Maar het lichaam was verdwenen.
De ontdekking van de lege graftombe was nog maar het begin. Maria Magdalena, de apostelen en, later, vele anderen waren getuige van een wonder: de opgestane, volmaakte Jezus Christus in een tastbare, menselijk vorm.
De Heiland zorgde dat die getuigen van zijn opstanding echt begrepen wat voor lichaam Hij had. Hij nodigde de apostelen bijvoorbeeld uit om zijn lichaam aan te raken zodat ze zeker wisten dat Hij stoffelijk was en geen verschijning (zie Lukas 24:36–40).1 Hij at zelfs met hen (zie Lukas 24:42–43).
Toen de apostelen hun opdracht om het evangelie van Jezus Christus te prediken vervulden, kregen ze met weerstand en vervolging te maken. Dat kwam deels doordat ze onderwezen dat Jezus Christus was opgestaan en dat de hele mensheid daarom ook uit de dood op zou staan (zie Handelingen 4:1–3).
Nu wordt de opstanding van Jezus Christus nog steeds als kernpunt van de boodschap door zijn kerk aan de wereld verkondigd. De profeet Joseph Smith heeft verklaard: ‘De fundamentele beginselen van onze godsdienst zijn het getuigenis dat de apostelen en profeten hebben van Jezus Christus, dat Hij gestorven is, begraven, en op de derde dag herrezen, en dat Hij tot in de hemel opgestegen is; en alle andere aspecten van onze godsdienst zijn slechts aanhangsels daarvan.’2
Door de opstanding kunnen we fundamentele vragen over de aard van God, onze eigen aard en onze relatie tot God, het doel van dit leven en de hoop die we in Christus hebben, beter beantwoorden.
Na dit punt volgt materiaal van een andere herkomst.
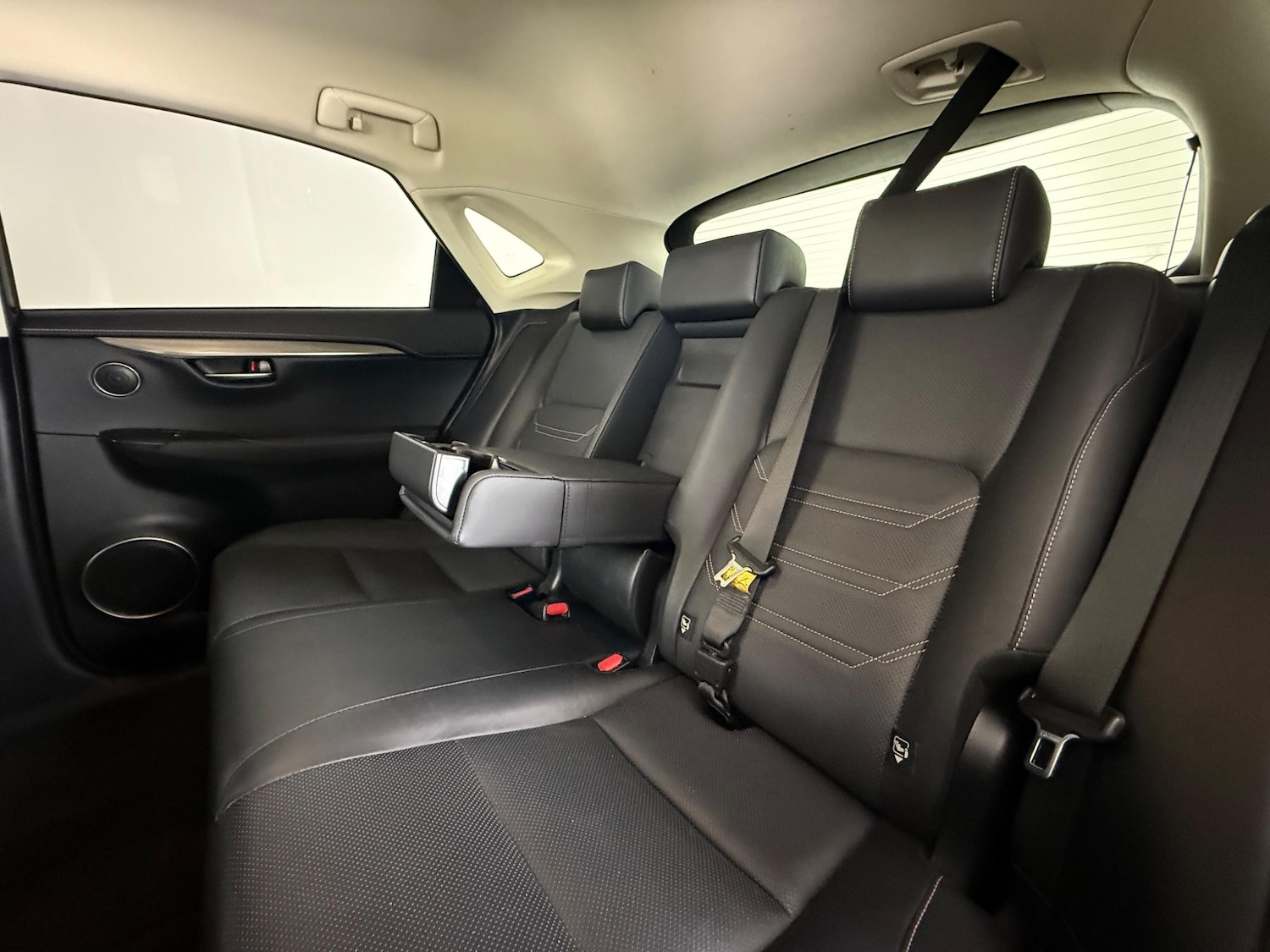 Used Lexus NX 2019 for sale - 76467417: Photo 20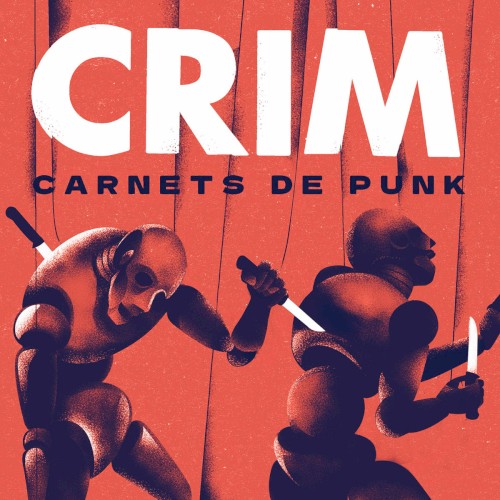 Carnets de punk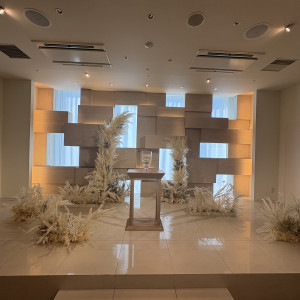 自然光がとても良かったです。|791151さんのTHE CLASSICA BAY RESORT （ザ クラシカ ベイリゾート）の写真(2636551)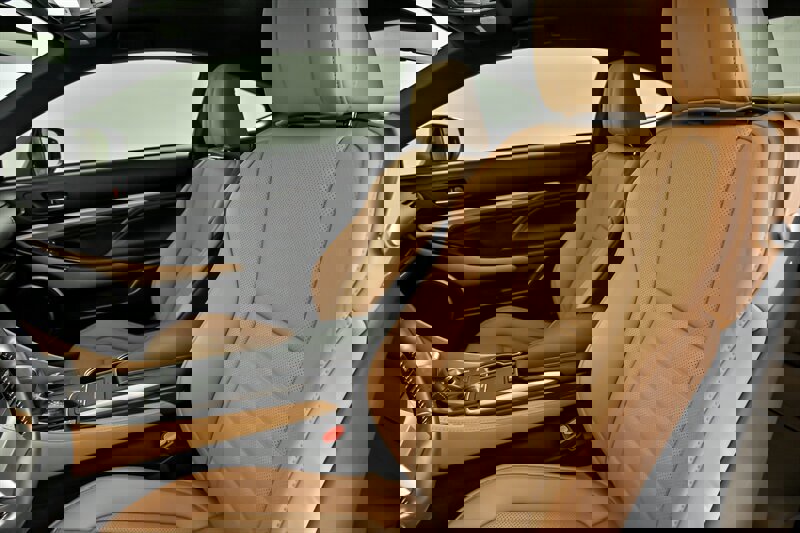 Used 2020 Lexus RC 350 w/ Premium Package image 21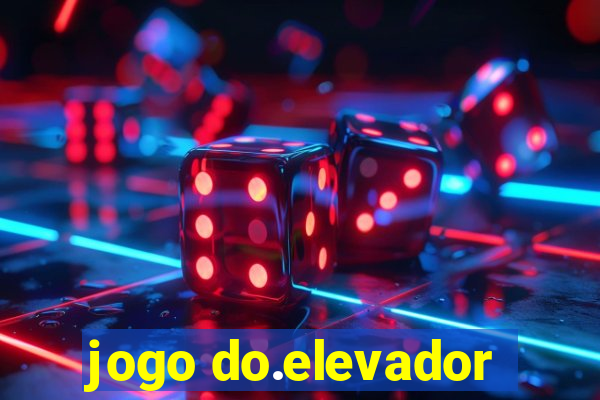 jogo do.elevador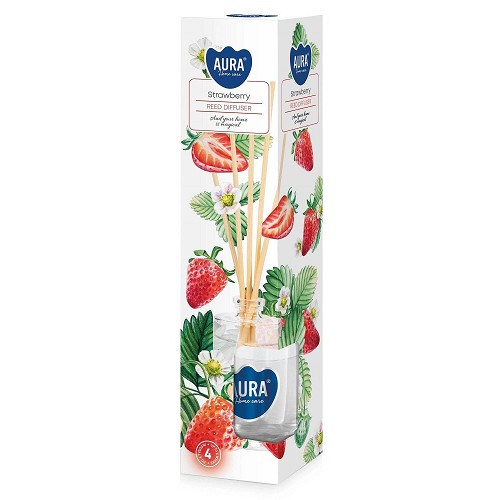 Difuzor DZ45-73 strawberry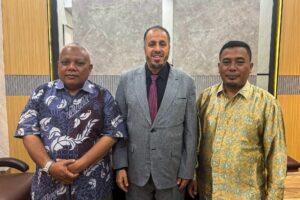 YIAD Strengthens International Partnerships in Indonesia
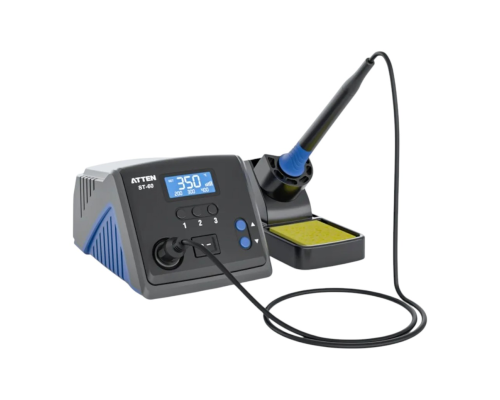 Паяльна станція ATTEN ST-60 PLS-00-00142395
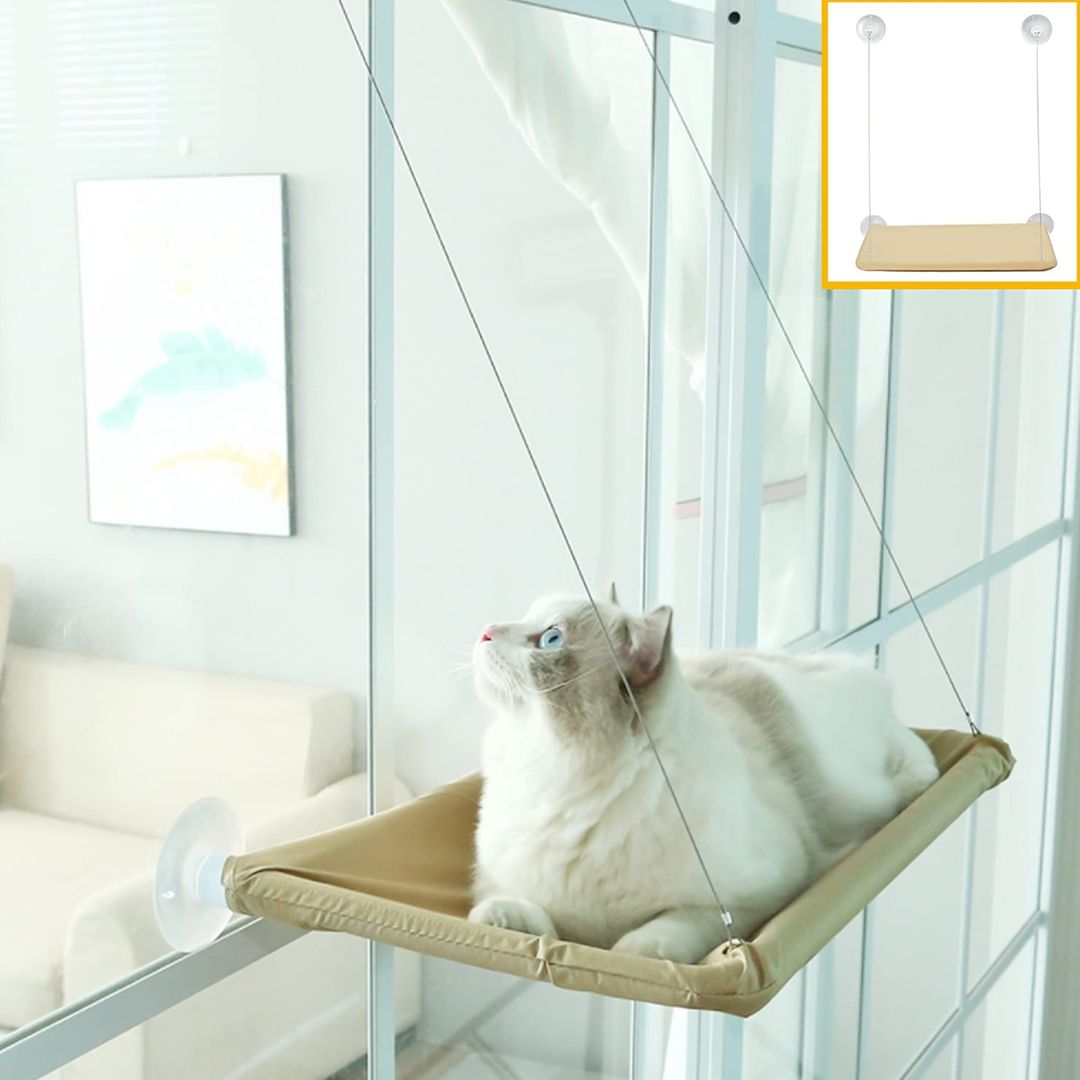 Hammock and Bed For Pets product thumbnail 4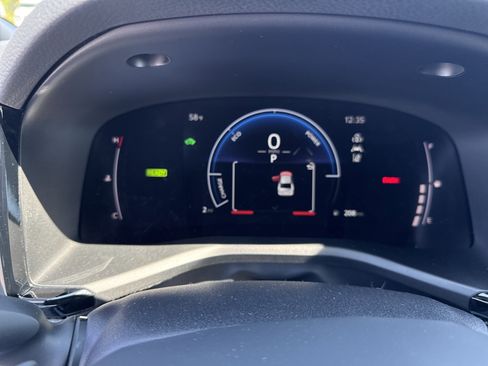 New 2026 Toyota Camry SE image 17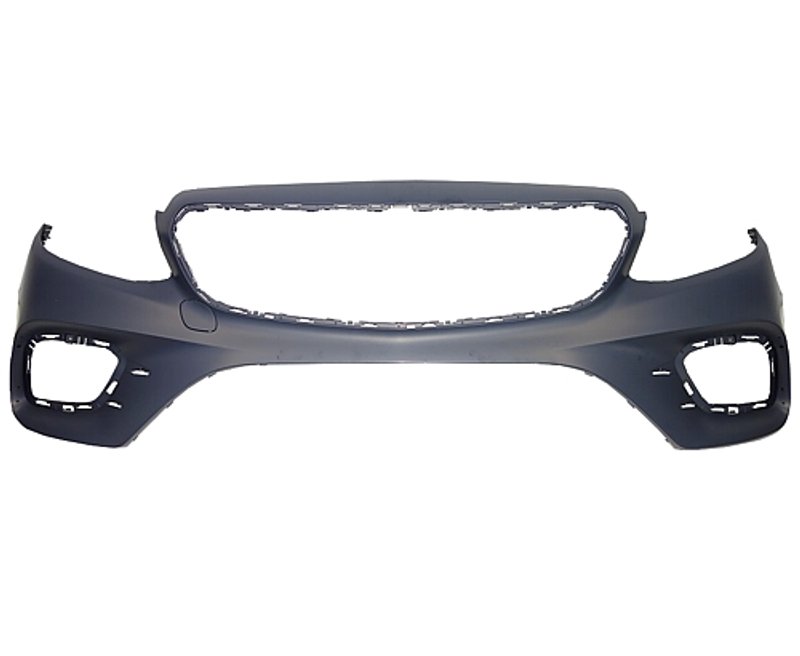 TechPro MB1000516 Bumper Cover - Front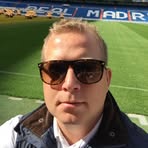 Björn Jonsson - Facebook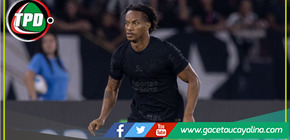 André Carrillo debutó en Corinthians: ¿qué dijo la prensa brasileña y qué puntaje le puso?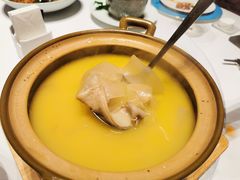 -湘上湘(米其林餐厅-正大中心总店)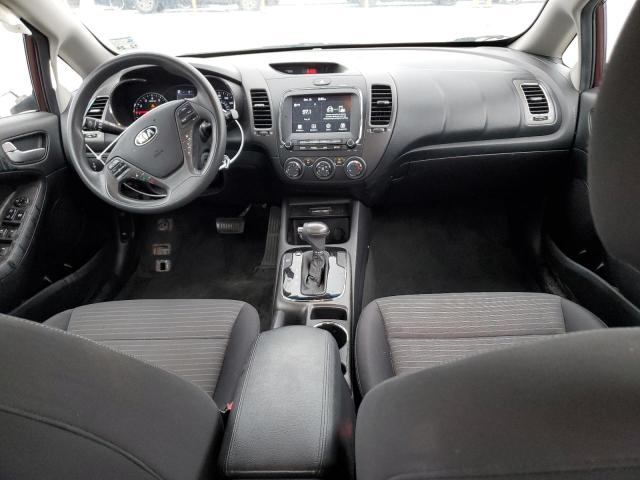 2018 KIA FORTE LX - 3KPFL4A72JE174455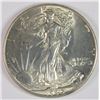 Image 1 : 1946 WALKING LIBERTY HALF DOLLAR CH BU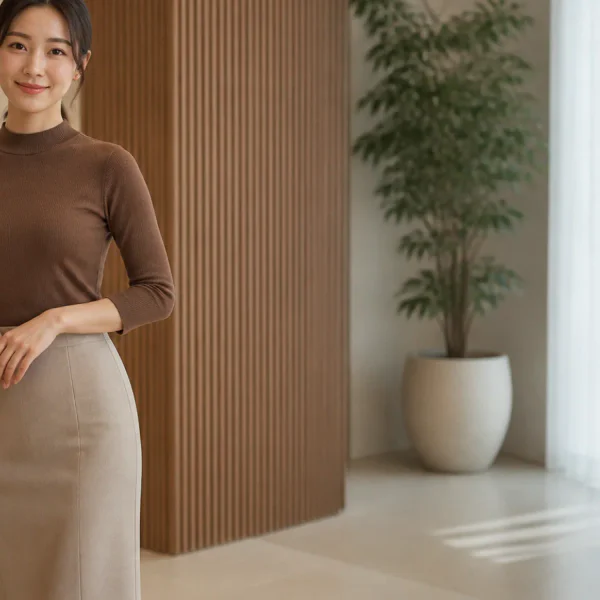 가든 설현스테이 테라피 대표 안내 이미지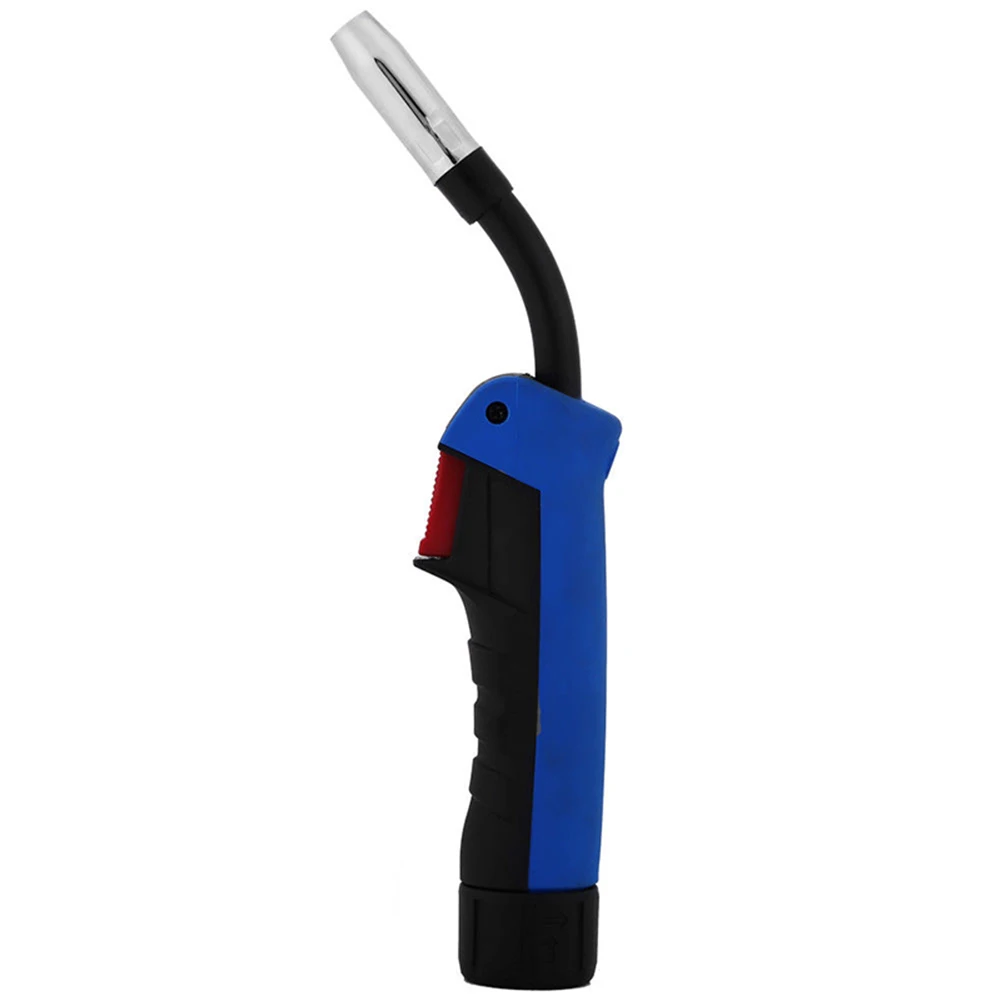 15AK for torch Head Replacement for MIG MAG Welding Systems Operating Under Carbon Dioxide Shielding Gas Conditions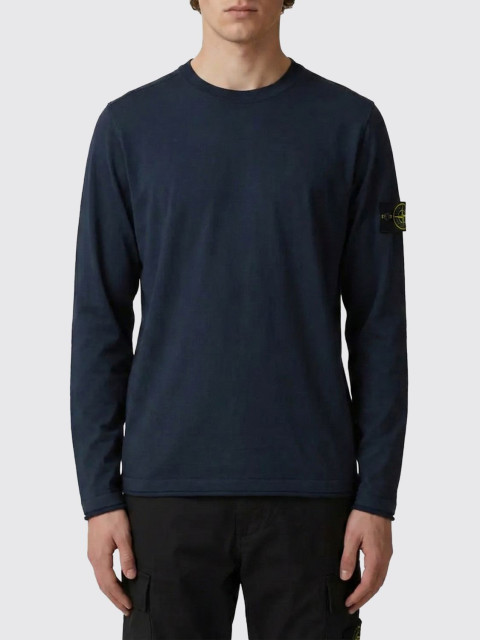 [Stone Island] Knitwear SS26 5100052S00B0 V0020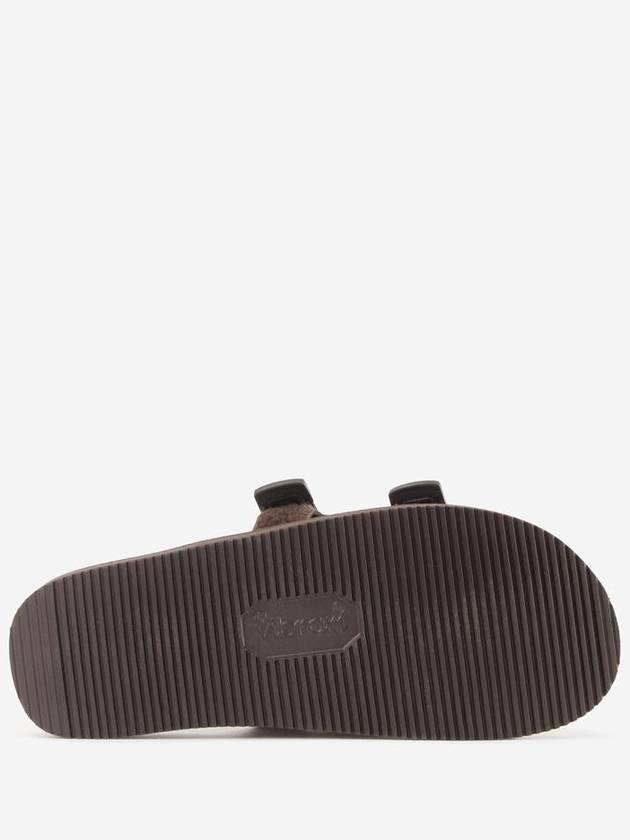 Suicoke Flats - SUICOKE - BALAAN 5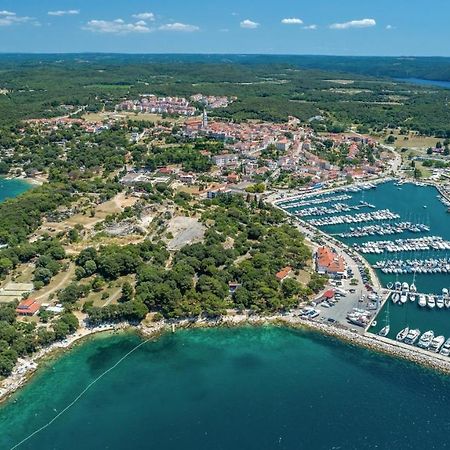 Casa Oliva In Klostar Exteriér fotografie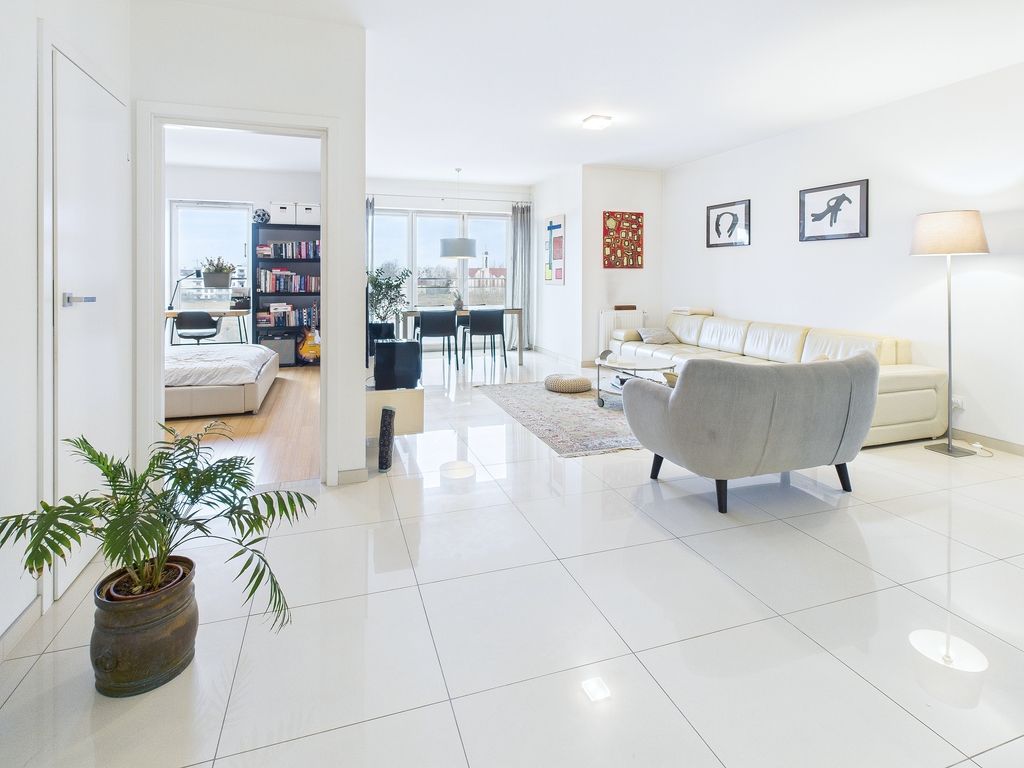 WŁOSKI B. WYSOKI STANDARD l 63,5m² l OKAZJA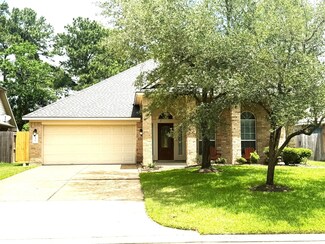 6826 Autumn Rain Ln, Spring, TX 77379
De volgende inzichten worden door de opstanding van Jezus Christus onderstreept.
Onze hemelse Vader heeft een verheerlijkt lichaam
Gary L. Kapp, Het eerste visioen
De idee dat God er als een mens uitziet, is gebaseerd op de Bijbel3 e n op de algemeen verbreide opvatting daarover, maar veel theologische en godsdienstig filosofische tradities wijzen die af. Zij kiezen voor een God ‘zonder lichaam, lichaamsdelen of passie.’4 Vanuit dit standpunt is het lichaam (en materie in het algemeen) namelijk slecht of onwerkelijk en zijn geest, verstand en gedachten de ware kern van ons ultieme zijn of van de werkelijkheid.
De openbaring van de natuur van God door zijn Zoon, Jezus Christus, was dus heerlijk eenvoudig en revolutionair.
De Heiland zei tijdens zijn bediening: ‘Wie Mij gezien heeft, heeft de Vader gezien’ (Johannes 14:9). Dat bleek nog duidelijker na zijn opstanding met een vervolmaakt, onsterfelijk lichaam; een bewijs dat ‘de Vader een lichaam van vlees en beenderen [heeft], even tastbaar als dat van de mens’ (Leer en Verbonden 130:22).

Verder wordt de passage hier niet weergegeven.